Tehila by S.Y. Agnon (1950)
Tehila is a long short story that formed part of my high school’s Hebrew Literature syllabus. The unnamed narrator is a visitor from overseas just arriving in the Jerusalem of the 1920’s for some business affairs. He promised a friend to look up his old aunt who lives there but has difficulty finding her place. He stops an old lady to ask for directions and she volunteers to guide him there as she is acquainted with the ‘rabbanit’ (Traditional appellation of a Rabbi’s wife) he is looking for. He describes the lady as ageless, her quick sprightly tread, erect figure and vivacious mind contrasting with her somewhat wrinkle-free face. Seen from behind, she could easily be mistaken for a young maiden. Later, he learns from the curmudgeonly ‘rabbanit’ that the lady was Tehila, ‘Tilly’ to her friends, who has long ago passed her one hundredth birthday. The rabbanit tells him that Tehila is a scion to one of the more illustrious rabbinical families of the diaspora, and used to be herself a great lady of immense fortune, and a business woman.
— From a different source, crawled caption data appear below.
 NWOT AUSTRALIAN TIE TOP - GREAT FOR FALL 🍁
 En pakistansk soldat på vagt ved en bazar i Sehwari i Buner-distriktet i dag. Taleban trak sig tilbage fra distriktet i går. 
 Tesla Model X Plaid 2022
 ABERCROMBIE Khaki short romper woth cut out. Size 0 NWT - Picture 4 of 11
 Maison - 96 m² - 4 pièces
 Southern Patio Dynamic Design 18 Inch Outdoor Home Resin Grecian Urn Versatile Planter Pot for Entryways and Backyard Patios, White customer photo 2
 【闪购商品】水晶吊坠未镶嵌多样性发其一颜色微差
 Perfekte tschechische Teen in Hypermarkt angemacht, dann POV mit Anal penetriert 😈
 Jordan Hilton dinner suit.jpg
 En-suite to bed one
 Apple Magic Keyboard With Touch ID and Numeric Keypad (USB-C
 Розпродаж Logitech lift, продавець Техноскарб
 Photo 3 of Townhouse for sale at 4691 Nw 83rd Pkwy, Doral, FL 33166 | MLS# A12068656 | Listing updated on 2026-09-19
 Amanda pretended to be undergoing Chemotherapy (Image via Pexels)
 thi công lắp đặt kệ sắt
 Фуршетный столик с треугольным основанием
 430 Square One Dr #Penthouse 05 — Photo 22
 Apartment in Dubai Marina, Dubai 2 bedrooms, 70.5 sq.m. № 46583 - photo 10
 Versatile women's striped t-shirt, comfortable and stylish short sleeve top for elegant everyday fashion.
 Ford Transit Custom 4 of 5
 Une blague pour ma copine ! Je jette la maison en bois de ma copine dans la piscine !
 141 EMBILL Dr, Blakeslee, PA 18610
Jerusalem of the time was small. The Jerusalem of inside the walls was a warren of dark alleys and stone-cut inner courts where mostly elderly pious Jews resided in modest apartments, often consisting of no more than a room with a kitchenette. Tehila lives in one of these rooms. The narrator, however, is staying somewhere in the newly-built modern houses outside the walls. His promise to his friend to check up on the aunt and provide for her whatever small comforts he could has him come and go a few times. As he does so, he often encounters Tehila who is always on some charitable errand for her community. The narrator and Tehila (Hebrew for glory) develop a kind of friendship which culminates in her request of him to help her write a letter. In the process she tells him her life story, a tale of ironic reversals of fortune, anguish and soul-tormenting contrition.
Tehila’s life is marked by fate: As a girl she got engaged, the engagement was annulled because the bridegroom, Shraga, became a Hassid, which displeased Tehila’s orthodox father who rejected Hassidism. After she got married to another man, her husband became a Hassid, while Shraga later spurns Hassidism.
Shraga swore that he would never forgive her, and Tehila believes her subsequent life’s tragedies and woes were punishment for breaking her oath. Her sons die, her daughter goes crazy.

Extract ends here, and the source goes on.